New Orleans Under WaterWhat has two years and $114 billion in government largesse brought to the region affected by Hurricane Katrina?

  • 13,000 Mississippi families are still living in FEMA trailers, down from 48,000 a year ago. Governor Haley Barbour expects them to be all out of temporary housing by this time next year.
  • Better days are ahead” George Bush said as he spoke to a gathering in New Orleans’ Lower 9th Ward. But grants are contentious, and money is being tied up in Congressional, Administrative and State battles. The President had plenty of words but not a lot to show for it. Those who heard the speech must have been wondering if the President was referring to New Orleans, or to Iraq, when he made that comment.
  • The Port of New Orleans and tourism, the two largest revenue-generation sources for the area, have almost completely recovered to pre-Katrina levels.
  • On the downside, New Orleans’ homicide rate of 70 per 100,000 is the highest in the country, and fully one-third of the population has not and cannot yet return.

This recovery has taken too long, not only because of Government bureaucracy and mismanagement but because it probably shouldn’t have occurred to the extent that it is occurring. There are a number of issues that will remain unresolved, with disastrous consequences, and I for one think that it is unquestionably foolish to re-create the city as it was:

  • New Orleans is already 8 feet below sea level and continues to sink another inch every three years. The Lower 9th Ward is 11 feet below sea level.
  • The levees have not and probably cannot be built to withstand a category 5 hurricane within either a reasonable time frame or a reasonable budget. (2006 estimates were $32 billion. Only $7.6 billion has been authorized with virtually none of it allocated, and completion estimates take the rebuilding phase out to 2015). It only takes one weak spot in the miles of levees to re-inundate New Orleans again.
  • No housing regulations have been established to force homeowners to elevate their homes above sea level.
  • An unintended consequence of the Old River Control Structure, which is the only thing holding the Mississippi River from completely diverting to its natural ocean course (the Atchafalaya River), is that Mississippi River sediment settles within the river bed, continuously raising the river’s elevation above and through New Orleans.

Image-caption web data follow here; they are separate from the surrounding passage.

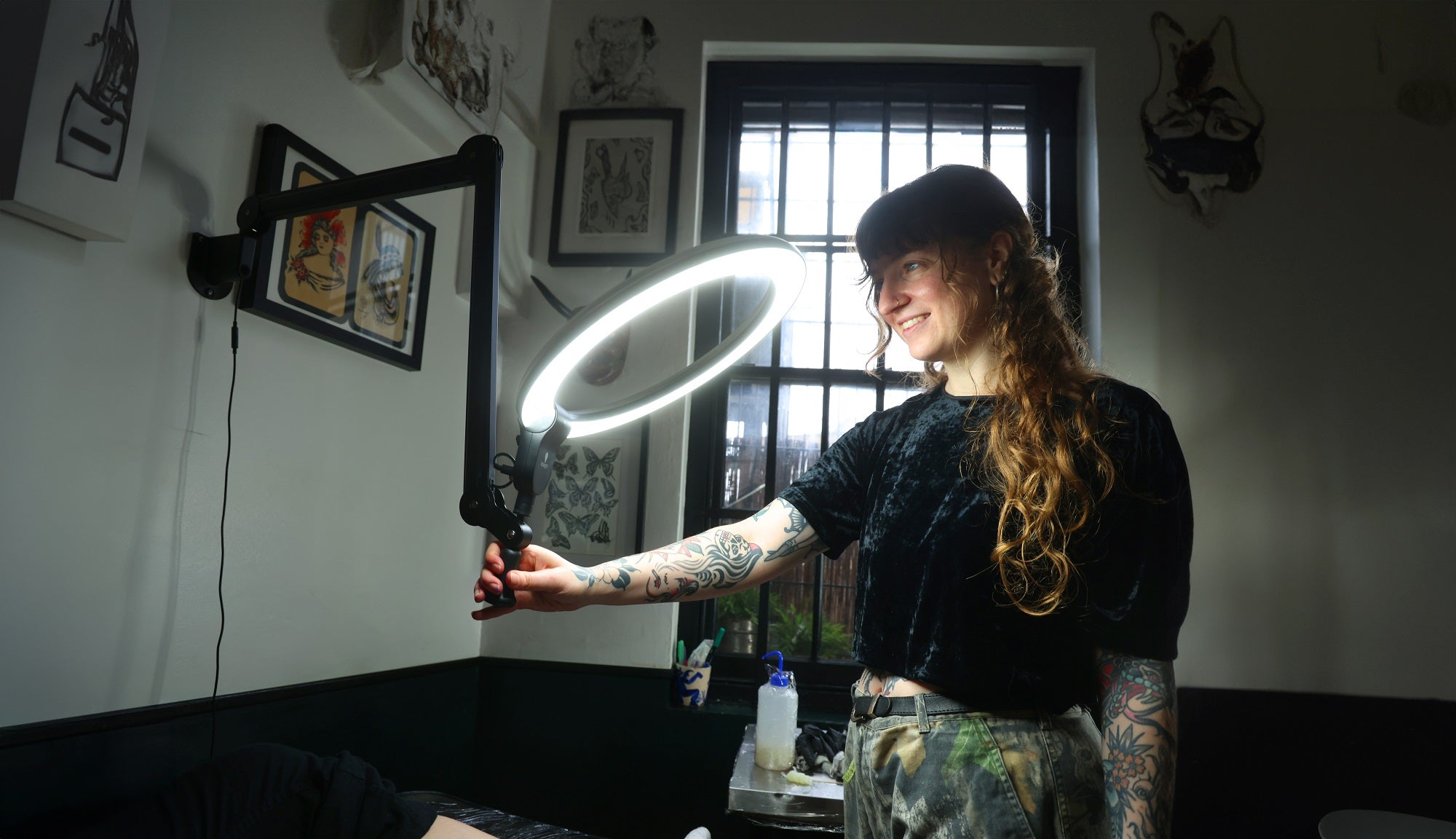 daylight-aura-on-arm-tischleuchte-ringleuchte-dimmbar image 5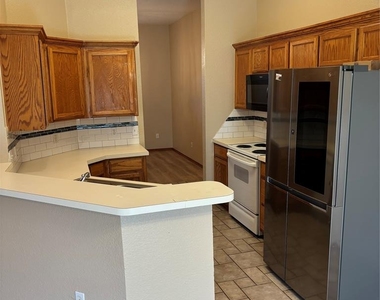 8204 Prairie Ridge Road - Photo Thumbnail 11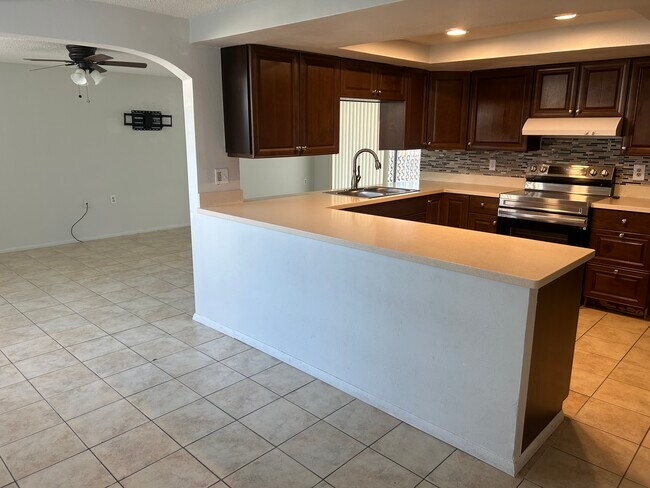 Building Photo - 7204 Brentwood Dr
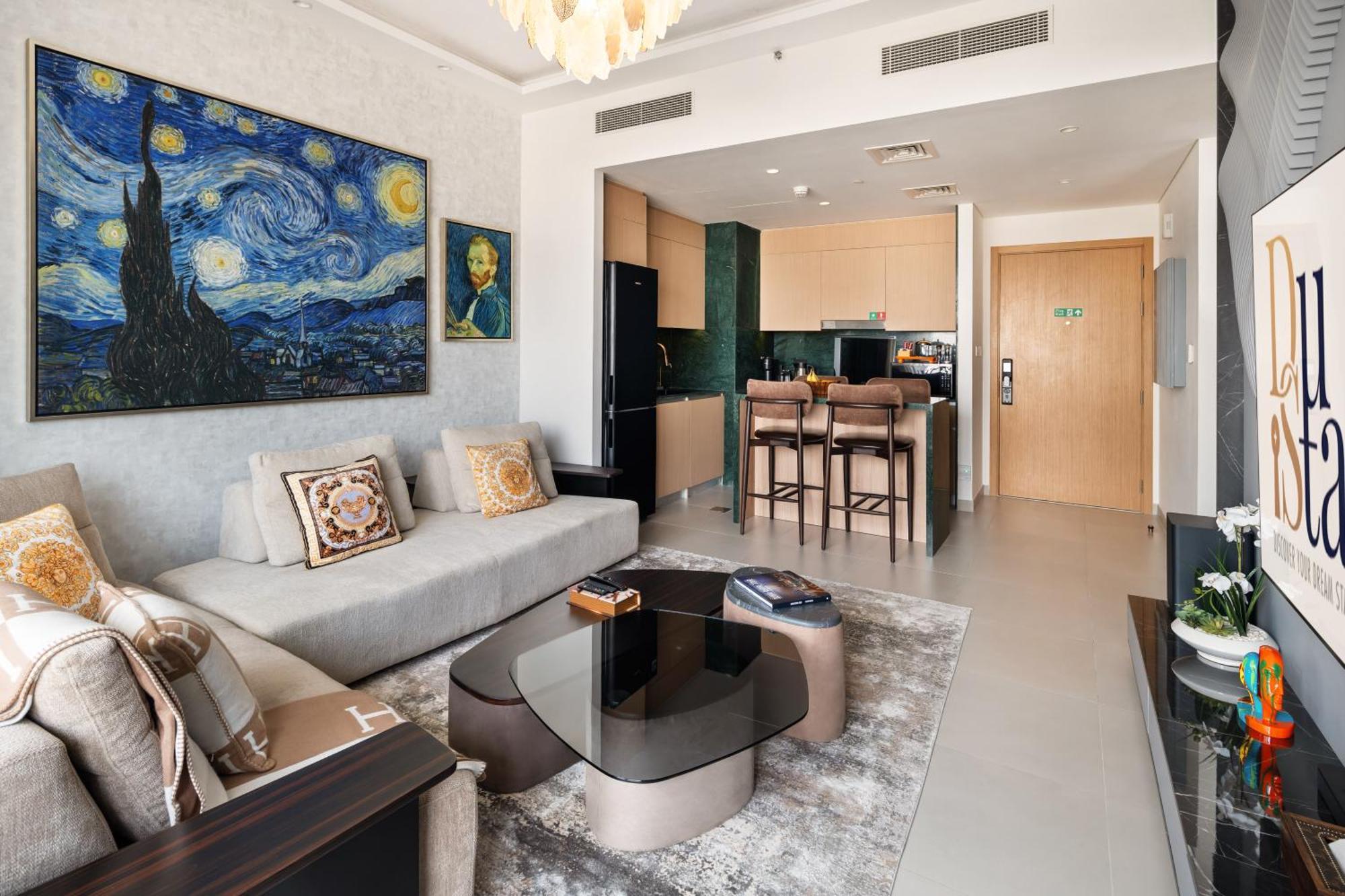Luxurious Apartment, Creek Harbour - By Dustay *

Already a billion-dollar structure, the Old River Control Structure is costly and growing more difficult to maintain as the elevation differences between the Mississippi and the Atchafalaya increase.

The insurance companies who refuse to provide flood insurance to New Orleans residents are an indicator of how unwise we are to throw so much good money after bad. It was a dreadful decision to rebuild any part of The Big Easy that’s below sea level.